Could you copy exactly the lines below from the one with "Used 2020 Ford" to the one with "Modern Apartment in Occitanie With Terrace", inclusive, leaving out any pictures?

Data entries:
****

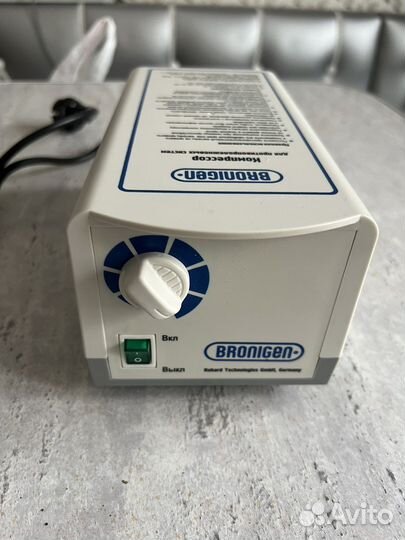 Противопролежневая система. Германия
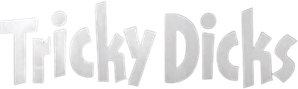 Tricky Dicks — Logos 1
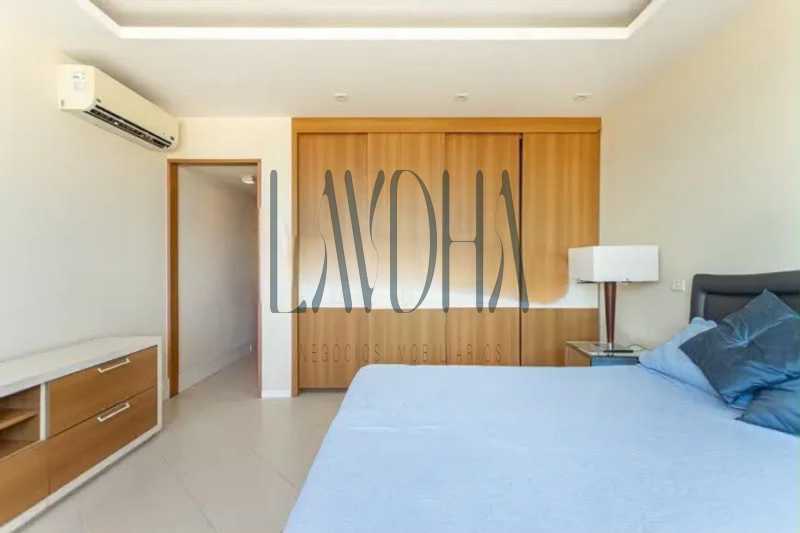 Apartamento para alugar Avenida Vieira Souto,Rio de Janeiro,RJ - R$ 35.000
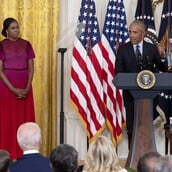 ΟΜΠΑΜΑ ΒΙΝΤΕΟ ΝΤΟΝΑΛΝΤ ΤΡΑΜΠ ΒΙΝΤΕΟ ΡΕΠΟΥΜΠΛΙΚΑΝΟΙ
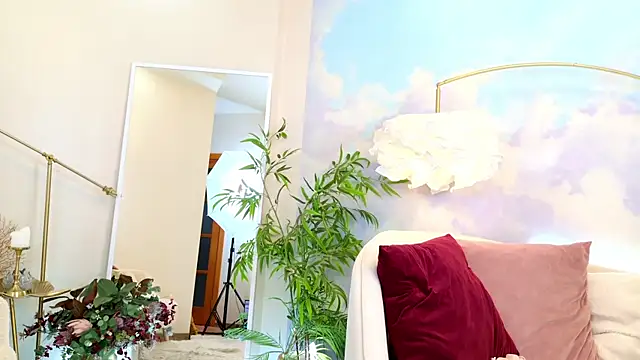 Ledy Mary online show from 16, 3, 2026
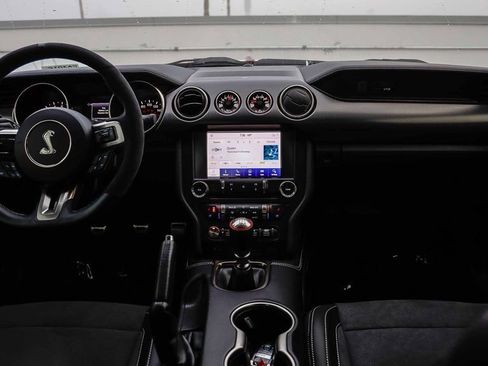 Used 2020 Ford Mustang Shelby GT350 w/ Technology Package image 13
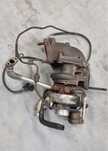 Turbo kompletne Mitsubishi Eclipse GSX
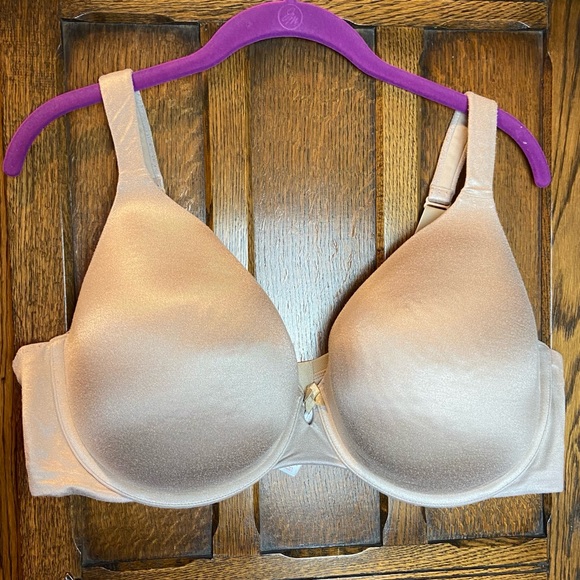 Cacique lightly lined full coverage 42 DD - Picture 1 of 6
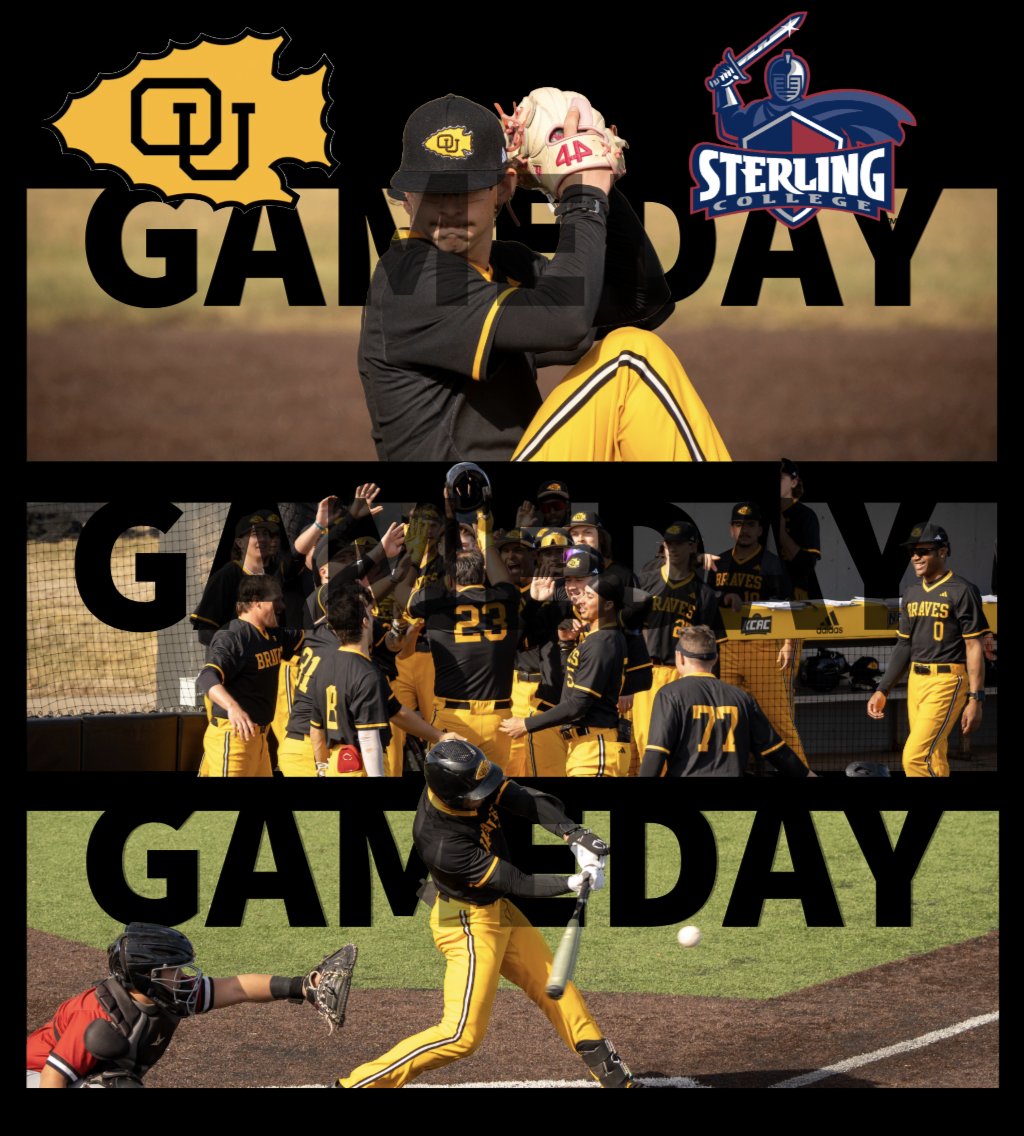 Ottawa Braves Baseball (@ottawa_baseball) on Twitter photo We've got your Saturday plans π#GameDay We've got your Saturday plans π#GameDay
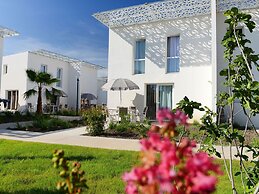 Modern Apartment in Occitanie With Terrace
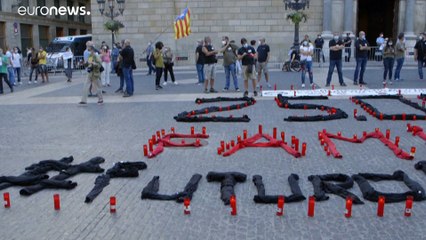 Nissan confirma el cierre de su planta de Barcelona de la que dependen 3000 empleos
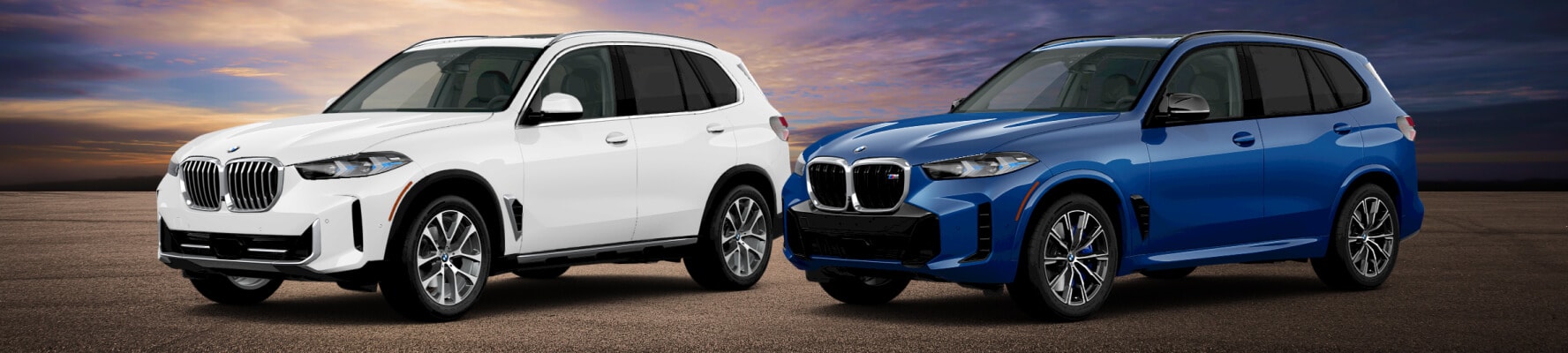Explore Our New BMW Car Dealer Near North Adams, MA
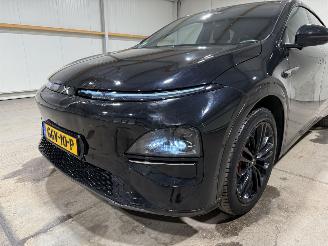 Xpeng G6 66kWh Standard Range 190kW RWD picture 24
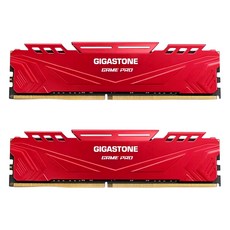 AITC 艾格 KINGSMAN 桌上型電競超頻記憶體 RGB DDR4 Set 2個, 採用原廠高品質IC顆粒，確保穩定性能, 1組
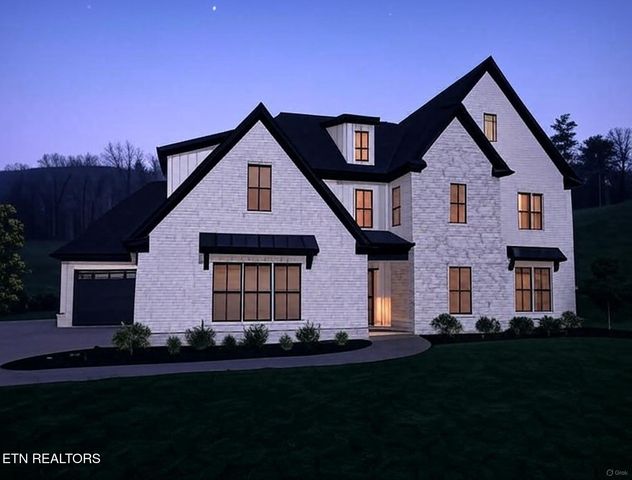 2262 Ridgeline Court, Morristown, TN 37814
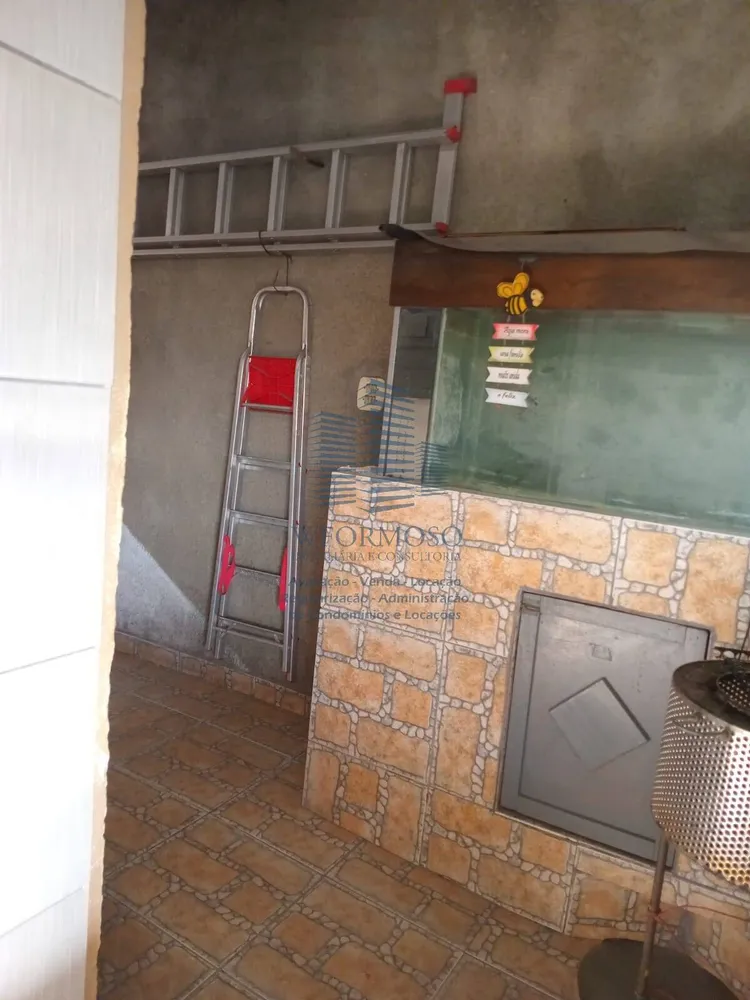 Casa, 2 quartos, 137 m² - Foto 5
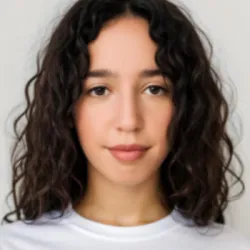 Fatima Zahra B.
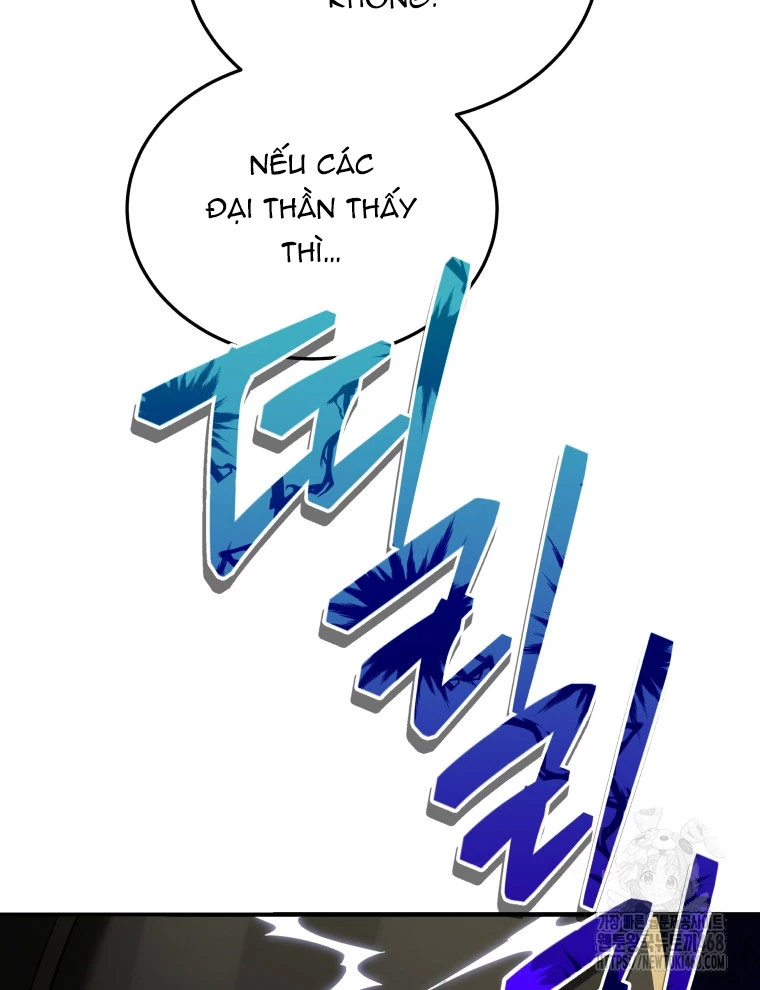 Vương Triều Đen Tối: Joseon Chapter 83 - Trang 2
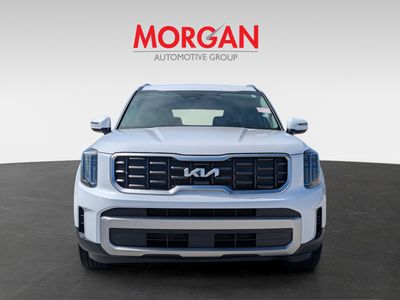 2023 Kia Telluride - Photo 3
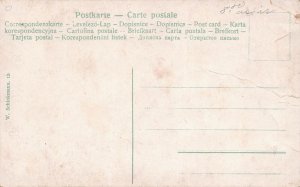 J78/ Interesting Postcard c1910 Buffalo Bill Wild West Show Native Indians 173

****

EXPECTED OUTPUT —
 Used 2020 Ford Mustang Shelby GT350 w/ Technology Package image 13
 Turbo kompletne Mitsubishi Eclipse GSX
 Cacique lightly lined full coverage 42 DD - Picture 1 of 6
 Ottawa Braves Baseball (@ottawa_baseball) on Twitter photo We've got your Saturday plans π#GameDay We've got your Saturday plans π#GameDay
 Modern Apartment in Occitanie With Terrace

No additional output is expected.